The following data has a line with "Longchamp Le Pliage" and a line with "Dolce & Gabbana Black". Write out exactly those lines and all the lines between them.

Records for this task
******

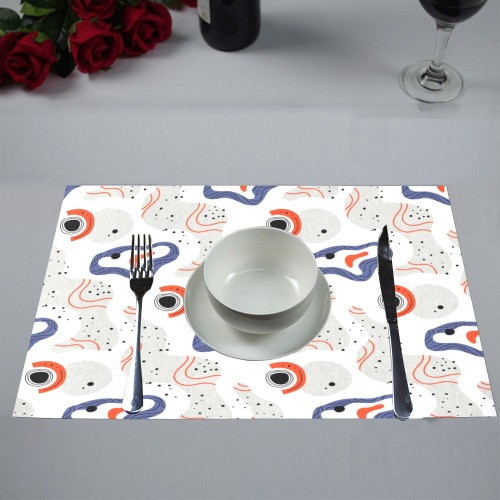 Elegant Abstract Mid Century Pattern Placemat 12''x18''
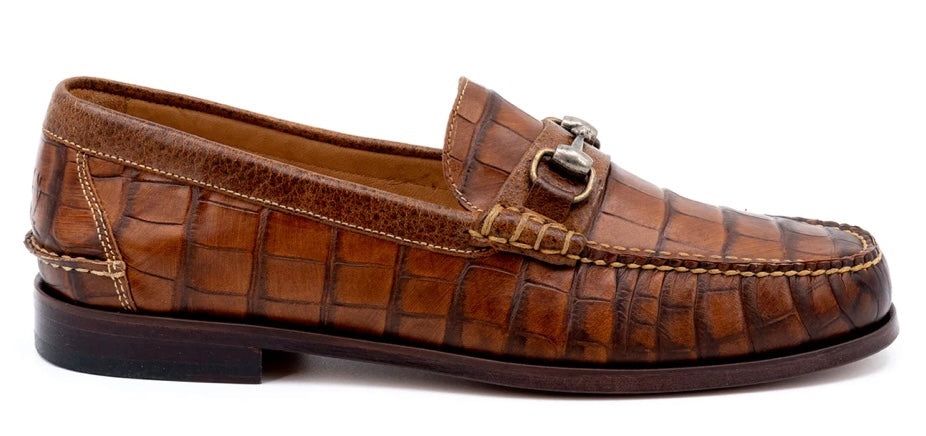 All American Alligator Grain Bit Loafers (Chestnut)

******

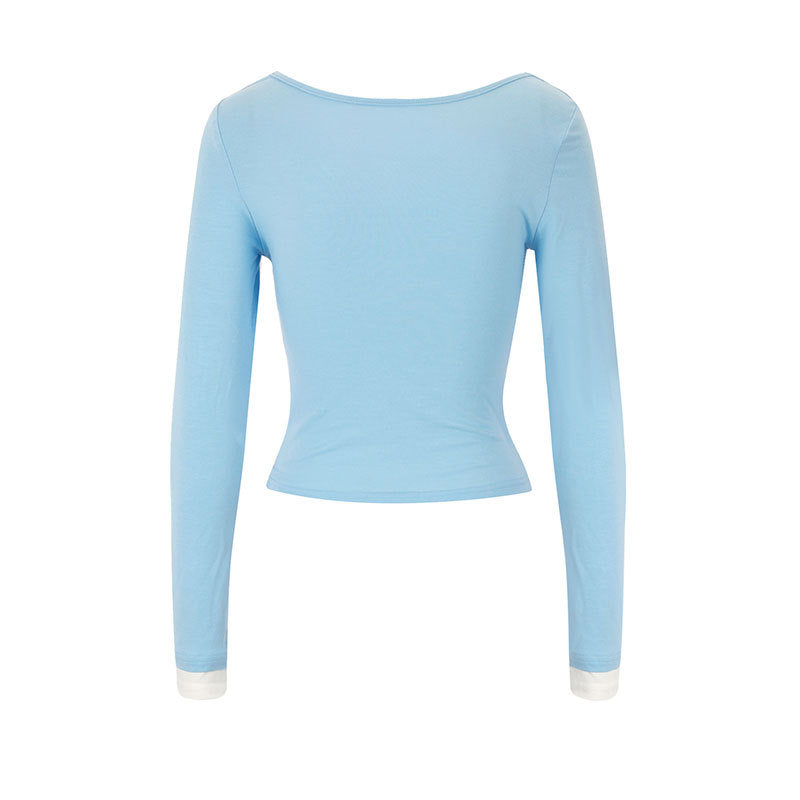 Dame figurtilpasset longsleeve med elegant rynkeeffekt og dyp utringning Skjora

******

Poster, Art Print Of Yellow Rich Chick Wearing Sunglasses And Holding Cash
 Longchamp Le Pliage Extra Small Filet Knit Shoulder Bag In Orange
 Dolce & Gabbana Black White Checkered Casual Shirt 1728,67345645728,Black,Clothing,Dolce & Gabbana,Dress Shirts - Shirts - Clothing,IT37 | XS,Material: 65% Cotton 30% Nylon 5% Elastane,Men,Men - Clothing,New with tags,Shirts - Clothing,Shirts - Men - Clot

******

Problem solution
 Longchamp Le Pliage Extra Small Filet Knit Shoulder Bag In Orange
 Dolce & Gabbana Black White Checkered Casual Shirt 1728,67345645728,Black,Clothing,Dolce & Gabbana,Dress Shirts - Shirts - Clothing,IT37 | XS,Material: 65% Cotton 30% Nylon 5% Elastane,Men,Men - Clothing,New with tags,Shirts - Clothing,Shirts - Men - Clot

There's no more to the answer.